Math Mondays is back from a travel-induced hiatus, but never fear, mathematical making continued unabated during the travels. In fact, on one plane ride, I just happened to have a bit of free time, and the materials to make the roundest 25-hedron possible (more on what that is, later).
Unfortunately, as you all know, I did not have scissors with me on the plane; but I discovered that one can make pretty neat tears in cardstock with some patience and a lot of folding back and forth.
Here’s the outcome of the first half hour or so of the flight:
All the materials and I eventually landed, and a relatively short session with a pair of scissors allowed me to complete the collection of 25 faces:
The next step was to tape them into a net for the polyhedron:
Unfortunately, at this point time pressed again and the project was folded up and went back into a briefcase. Some time later, though, there was an opportunity to pull the pieces out together with a roll of tape during a train ride.

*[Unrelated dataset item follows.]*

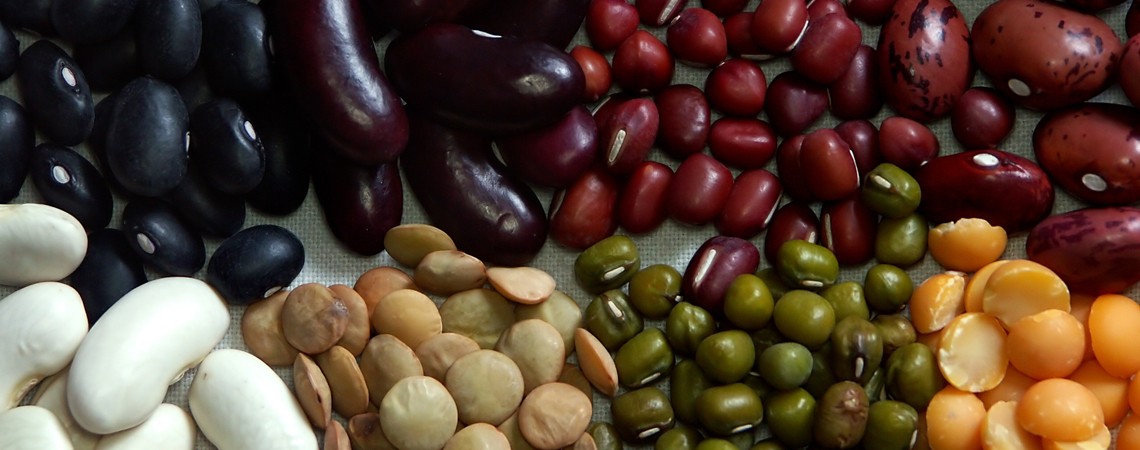Bohnen Rezepte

Here it is just before closing up:
And just after:
The whole thing made it back to the MoMath Making Labs successfully:
So what is this thing built during all that travel, anyway? If it’s the roundest polyhedron, how do you measure how round a polyhedron is? Well, there’s a theorem that says “Among all simple closed surfaces with given surface area the sphere encloses a region of maximal volume.” So you can measure how “round” any object is by seeing what fraction its volume is of the sphere with the same surface area — the higher that fraction, the rounder the object. In particular, for any specific number of faces, you can try to see which polyhedron with that number of faces has the largest fraction of the volume of the sphere with the same surface area. That’s the roundest one. It probably won’t surprise you that the regular tetrahedron is the roundest among all polyhedra with four faces, and the same goes for all Platonic solids. But the answer is not as clear for other numbers of faces, and today’s peripatetic polyhedron just happens to be (as computed by Alan Schoen) the roundest with 25 faces. Also remarkable is that Schoen did the calculation and plotted the images in 1986, in the early days of computational geometry and well before Math Mondays was around to celebrate his discovery.